## Instructions to follow
As the answer, set down the lines below from the one containing "当海清拒绝深夜来电：一位演员的边界感如何拯救了她的表演？" through the one containing "zlatibor moderna kuća", exactly and inclusively, and no others.

## Input material
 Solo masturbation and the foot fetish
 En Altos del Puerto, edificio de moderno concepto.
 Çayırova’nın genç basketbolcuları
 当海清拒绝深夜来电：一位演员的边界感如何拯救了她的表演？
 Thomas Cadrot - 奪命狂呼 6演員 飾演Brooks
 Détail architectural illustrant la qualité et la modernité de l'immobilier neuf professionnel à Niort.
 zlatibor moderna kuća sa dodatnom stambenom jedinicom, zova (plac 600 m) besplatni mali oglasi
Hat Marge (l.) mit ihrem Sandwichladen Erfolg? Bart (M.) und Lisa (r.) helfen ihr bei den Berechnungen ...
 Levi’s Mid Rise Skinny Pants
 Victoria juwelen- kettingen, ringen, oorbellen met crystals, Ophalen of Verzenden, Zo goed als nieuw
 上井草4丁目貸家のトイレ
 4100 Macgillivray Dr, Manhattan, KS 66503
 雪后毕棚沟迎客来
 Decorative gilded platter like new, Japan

## Result for this task
 当海清拒绝深夜来电：一位演员的边界感如何拯救了她的表演？
 Thomas Cadrot - 奪命狂呼 6演員 飾演Brooks
 Détail architectural illustrant la qualité et la modernité de l'immobilier neuf professionnel à Niort.
 zlatibor moderna kuća sa dodatnom stambenom jedinicom, zova (plac 600 m) besplatni mali oglasi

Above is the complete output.